Oh, absolutely. You have your folk like Ben “Facts don’t care about your feelings but they do care about my religion” Shapiro who are as closed-minded as they come despite possessing the training to do better.
Agreed on both counts, and as I’ve said in other threads I can point to a specific Philosophy class that made me realize how hypocritical it was not to examine all of my beliefs and which forced me to come to terms with ideological doubts I’d previously managed to suppress. Easily and by far the most valuable educational experience I ever had. And I also agree that it doesn’t have to be that way; the fact that I got through 12 years of public schooling without feeling compelled to examine my own beliefs is almost criminal. A huge failure of our educational system.
Agreed, agreed, and agreed. People who manage to figure this stuff out without formal education are brilliant, and I have nothing but respect for them.
I would caution that being open to changing your belief can potentially be a different quality than enjoying learning for its own sake. My father had no formal education past high school; however, he likes to learn, he’s always reading things or watching documentaries, and my own love of learning was inspired by this. My father definitely values education, too. He has always regreted his own lack of higher ed.

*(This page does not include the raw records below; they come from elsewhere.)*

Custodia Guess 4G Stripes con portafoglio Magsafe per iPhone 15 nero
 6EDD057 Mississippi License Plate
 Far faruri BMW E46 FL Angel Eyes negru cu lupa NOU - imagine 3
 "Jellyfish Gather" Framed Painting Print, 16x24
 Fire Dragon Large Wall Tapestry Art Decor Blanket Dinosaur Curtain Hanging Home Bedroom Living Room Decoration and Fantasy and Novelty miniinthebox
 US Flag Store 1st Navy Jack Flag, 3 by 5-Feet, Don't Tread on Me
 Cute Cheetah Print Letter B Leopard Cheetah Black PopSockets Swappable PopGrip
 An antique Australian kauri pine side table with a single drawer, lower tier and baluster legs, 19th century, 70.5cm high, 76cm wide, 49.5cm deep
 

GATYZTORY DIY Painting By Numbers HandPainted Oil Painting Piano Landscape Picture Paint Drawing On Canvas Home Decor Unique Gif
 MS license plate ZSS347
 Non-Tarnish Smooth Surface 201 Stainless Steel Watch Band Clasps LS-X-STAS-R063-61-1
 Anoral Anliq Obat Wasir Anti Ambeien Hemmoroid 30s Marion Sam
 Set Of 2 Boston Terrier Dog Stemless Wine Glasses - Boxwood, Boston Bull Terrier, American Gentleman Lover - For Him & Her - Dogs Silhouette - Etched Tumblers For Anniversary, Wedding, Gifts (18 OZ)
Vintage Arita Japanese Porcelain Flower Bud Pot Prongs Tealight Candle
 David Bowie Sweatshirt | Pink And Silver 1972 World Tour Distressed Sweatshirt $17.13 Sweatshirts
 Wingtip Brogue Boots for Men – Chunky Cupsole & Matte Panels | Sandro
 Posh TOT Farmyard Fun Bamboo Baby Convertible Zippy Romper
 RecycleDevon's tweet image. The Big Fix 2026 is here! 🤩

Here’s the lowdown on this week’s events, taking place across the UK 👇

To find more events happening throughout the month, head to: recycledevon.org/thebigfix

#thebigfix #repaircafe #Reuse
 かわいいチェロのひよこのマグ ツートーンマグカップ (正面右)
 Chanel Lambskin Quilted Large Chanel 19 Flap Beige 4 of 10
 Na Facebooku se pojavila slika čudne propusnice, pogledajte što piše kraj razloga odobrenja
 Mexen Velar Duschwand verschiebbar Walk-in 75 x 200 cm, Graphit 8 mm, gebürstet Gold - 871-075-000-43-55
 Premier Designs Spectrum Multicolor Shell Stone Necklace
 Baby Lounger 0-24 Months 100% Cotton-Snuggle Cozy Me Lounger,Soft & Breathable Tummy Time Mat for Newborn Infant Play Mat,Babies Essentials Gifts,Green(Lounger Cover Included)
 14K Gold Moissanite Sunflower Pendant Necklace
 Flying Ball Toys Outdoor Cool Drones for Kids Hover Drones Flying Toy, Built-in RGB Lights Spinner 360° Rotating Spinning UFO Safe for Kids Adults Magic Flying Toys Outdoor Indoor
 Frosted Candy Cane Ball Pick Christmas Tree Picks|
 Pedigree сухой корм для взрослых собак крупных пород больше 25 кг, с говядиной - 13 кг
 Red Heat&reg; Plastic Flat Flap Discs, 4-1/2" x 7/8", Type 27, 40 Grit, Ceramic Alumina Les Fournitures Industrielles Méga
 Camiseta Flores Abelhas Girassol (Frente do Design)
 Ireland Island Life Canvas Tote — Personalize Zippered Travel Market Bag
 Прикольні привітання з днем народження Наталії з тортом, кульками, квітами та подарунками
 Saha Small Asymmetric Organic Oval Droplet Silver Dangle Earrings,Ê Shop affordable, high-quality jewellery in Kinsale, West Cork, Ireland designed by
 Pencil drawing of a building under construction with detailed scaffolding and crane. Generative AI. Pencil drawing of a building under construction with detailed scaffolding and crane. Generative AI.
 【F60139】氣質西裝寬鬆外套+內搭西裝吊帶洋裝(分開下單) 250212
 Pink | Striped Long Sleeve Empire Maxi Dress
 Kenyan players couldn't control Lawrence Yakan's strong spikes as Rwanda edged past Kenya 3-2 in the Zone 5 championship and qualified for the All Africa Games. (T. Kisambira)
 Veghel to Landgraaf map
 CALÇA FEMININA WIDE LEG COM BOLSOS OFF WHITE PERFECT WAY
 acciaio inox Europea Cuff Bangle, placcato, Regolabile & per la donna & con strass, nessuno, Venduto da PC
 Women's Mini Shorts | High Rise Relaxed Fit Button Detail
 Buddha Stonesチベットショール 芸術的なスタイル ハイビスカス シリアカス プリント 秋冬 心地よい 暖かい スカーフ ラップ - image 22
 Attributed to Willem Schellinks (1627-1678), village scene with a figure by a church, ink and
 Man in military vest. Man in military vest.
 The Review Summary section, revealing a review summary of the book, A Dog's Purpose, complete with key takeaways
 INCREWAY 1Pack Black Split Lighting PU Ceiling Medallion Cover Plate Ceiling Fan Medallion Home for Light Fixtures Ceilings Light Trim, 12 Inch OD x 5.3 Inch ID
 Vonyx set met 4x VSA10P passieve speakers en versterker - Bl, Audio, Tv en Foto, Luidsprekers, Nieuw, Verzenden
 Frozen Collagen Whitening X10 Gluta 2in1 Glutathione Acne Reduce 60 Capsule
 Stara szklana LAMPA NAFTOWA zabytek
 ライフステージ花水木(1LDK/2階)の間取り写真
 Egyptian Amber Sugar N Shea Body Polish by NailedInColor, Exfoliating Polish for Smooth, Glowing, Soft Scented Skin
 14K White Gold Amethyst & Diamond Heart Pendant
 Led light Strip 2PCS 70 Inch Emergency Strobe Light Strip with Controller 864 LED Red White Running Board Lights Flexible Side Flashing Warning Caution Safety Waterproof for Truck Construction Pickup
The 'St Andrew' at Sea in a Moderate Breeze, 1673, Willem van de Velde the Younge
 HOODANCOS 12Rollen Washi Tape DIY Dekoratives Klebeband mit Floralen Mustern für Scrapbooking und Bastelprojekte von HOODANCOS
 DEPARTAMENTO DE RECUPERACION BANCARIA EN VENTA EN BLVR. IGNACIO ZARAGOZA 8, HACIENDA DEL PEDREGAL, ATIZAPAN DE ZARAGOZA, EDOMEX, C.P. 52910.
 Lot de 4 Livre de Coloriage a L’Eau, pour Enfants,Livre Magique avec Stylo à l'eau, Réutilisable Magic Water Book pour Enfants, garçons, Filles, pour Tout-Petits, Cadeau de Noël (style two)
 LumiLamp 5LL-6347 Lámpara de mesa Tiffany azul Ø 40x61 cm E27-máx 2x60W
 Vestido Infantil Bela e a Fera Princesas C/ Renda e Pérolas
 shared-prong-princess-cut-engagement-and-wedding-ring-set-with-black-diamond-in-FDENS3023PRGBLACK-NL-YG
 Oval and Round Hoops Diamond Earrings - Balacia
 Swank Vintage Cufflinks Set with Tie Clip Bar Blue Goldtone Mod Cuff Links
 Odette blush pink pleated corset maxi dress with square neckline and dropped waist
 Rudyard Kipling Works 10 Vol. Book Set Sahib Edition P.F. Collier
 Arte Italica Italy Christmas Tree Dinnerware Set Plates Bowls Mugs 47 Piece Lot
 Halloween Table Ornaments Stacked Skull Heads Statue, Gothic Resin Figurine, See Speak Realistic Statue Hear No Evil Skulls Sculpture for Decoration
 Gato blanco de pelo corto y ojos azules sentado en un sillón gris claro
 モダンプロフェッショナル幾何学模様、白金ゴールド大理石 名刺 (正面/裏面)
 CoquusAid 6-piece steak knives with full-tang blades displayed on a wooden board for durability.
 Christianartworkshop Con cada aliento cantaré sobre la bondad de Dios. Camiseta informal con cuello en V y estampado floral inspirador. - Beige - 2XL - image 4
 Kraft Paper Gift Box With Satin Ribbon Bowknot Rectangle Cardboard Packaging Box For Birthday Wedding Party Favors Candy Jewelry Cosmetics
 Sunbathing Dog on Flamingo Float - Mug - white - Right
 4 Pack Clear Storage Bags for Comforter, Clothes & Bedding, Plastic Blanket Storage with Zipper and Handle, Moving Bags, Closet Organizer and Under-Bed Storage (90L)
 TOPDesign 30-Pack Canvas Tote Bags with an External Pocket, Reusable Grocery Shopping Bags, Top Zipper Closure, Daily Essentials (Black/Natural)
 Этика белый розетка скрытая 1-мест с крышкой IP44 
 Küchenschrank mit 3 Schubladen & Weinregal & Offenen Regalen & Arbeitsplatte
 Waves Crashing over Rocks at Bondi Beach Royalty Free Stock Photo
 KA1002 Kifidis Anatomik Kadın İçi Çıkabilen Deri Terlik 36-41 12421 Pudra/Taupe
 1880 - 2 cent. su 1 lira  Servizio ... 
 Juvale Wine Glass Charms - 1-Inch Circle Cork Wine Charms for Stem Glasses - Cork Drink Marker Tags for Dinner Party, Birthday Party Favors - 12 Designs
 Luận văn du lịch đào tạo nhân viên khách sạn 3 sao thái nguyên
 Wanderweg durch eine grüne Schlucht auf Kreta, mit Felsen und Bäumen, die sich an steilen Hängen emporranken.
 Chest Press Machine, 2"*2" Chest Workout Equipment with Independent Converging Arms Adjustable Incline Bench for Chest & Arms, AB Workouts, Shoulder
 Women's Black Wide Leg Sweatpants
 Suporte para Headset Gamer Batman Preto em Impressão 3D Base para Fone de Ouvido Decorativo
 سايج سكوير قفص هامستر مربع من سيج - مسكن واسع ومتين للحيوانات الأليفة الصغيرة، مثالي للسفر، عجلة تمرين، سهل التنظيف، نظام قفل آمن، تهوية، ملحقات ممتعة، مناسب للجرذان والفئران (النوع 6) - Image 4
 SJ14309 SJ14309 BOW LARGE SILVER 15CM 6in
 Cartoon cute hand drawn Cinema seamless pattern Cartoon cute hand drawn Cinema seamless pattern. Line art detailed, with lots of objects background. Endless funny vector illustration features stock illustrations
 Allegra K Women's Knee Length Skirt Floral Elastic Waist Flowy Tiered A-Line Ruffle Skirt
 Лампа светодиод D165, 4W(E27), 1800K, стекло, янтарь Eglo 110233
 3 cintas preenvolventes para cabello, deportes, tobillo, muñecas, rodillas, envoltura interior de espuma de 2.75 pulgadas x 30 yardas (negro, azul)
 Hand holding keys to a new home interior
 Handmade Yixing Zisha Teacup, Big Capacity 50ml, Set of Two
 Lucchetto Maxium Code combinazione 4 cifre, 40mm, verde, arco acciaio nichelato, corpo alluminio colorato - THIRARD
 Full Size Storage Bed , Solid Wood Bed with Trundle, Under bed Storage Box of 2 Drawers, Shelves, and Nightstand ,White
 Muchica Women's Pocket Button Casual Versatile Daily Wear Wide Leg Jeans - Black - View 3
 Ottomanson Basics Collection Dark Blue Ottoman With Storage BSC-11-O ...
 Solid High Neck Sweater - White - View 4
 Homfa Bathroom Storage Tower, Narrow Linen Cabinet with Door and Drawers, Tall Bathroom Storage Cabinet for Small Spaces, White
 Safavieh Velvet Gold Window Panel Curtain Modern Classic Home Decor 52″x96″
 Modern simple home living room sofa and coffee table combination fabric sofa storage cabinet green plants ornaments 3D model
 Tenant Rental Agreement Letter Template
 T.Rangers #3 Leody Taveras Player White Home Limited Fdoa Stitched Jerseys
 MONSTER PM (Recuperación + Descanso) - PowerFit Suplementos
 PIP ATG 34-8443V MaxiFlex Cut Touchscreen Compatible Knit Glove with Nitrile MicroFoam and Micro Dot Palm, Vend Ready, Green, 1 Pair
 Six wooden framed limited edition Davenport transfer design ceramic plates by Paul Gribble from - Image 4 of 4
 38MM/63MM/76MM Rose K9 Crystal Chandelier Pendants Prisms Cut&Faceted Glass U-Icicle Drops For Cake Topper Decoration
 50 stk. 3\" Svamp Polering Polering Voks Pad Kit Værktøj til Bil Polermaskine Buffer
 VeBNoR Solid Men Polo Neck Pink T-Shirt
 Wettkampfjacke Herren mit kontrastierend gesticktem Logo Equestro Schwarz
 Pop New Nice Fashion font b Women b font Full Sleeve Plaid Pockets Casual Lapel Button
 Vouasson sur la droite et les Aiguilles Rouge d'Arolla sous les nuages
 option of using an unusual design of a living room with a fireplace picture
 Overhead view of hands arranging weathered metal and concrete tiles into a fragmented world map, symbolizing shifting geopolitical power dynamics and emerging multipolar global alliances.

However… he doesn’t view education the same way I do. He learns things because he views knowledge as a tool that can help him accomplish his goals. But he would never change his goals based on what he has learned. An extremely formative moment for me came some time after I took that philosophy class. We were talking about religion, and about some of the historical evidence (or lack thereof) for a story mentioned in the bible. And his response was basically, “I choose not to learn about that stuff because I am Jewish and faithful, nothing I learn can change that, so I do not study that topic”. I’m sure he’d expressed similar sentiments before, but until I had taken that class I probably didn’t see the issue with it. Now, though, I was horrified - because I realized that he had put into words (words that I intensely disagreed with) my own feelings on faith… and now that my feelings were so clearly defined, and so clearly in opposition to all my other values, that I had to face my own beliefs.
My father values education because it is a useful tool in our society. He sees that more educated people are more successful, and that’s what he wanted for me. If I use my Economics degree to land a high paying job, he couldn’t be more proud; but when I use that same education to question a fiscal policy we both used to support, he thinks I’m insane.
My grandfathed (on my mom’s side) was very similar. He eventually suffered an injury that led to physical and mental decline and finally his passing, but right up until then he was extremely sharp, both interested in and knowledgeable about engineering and math. He didn’t learn all of the physics he knew from books - he learned it by experimenting with models and independently coming up with many of the same equations. He was easily one of the brightest people I’ve known, although he wasn’t really ever able to leverage that due to his circumstances.
Is it possible we all have such a “hands off” topic? I suspect we’ve all got something where we’re just not open to learning contradictory information. Maybe a good idea for a thread.
My favorite example of “educated but doesn’t know shit” is Jordan Peterson. He misrepresents psychological principles to prop up his own belief system, and is the bane of my husband’s existence, who has more than a few clients who laud the guy. And my husband, who has a rigid sense of ethics about abuse of power, can’t say anything about it. But I’m sure deep down he’s like, “Well, Karl, maybe if you stopped buying into the misogynist crap Peterson’s peddling, you’d get along better with your girlfriend.”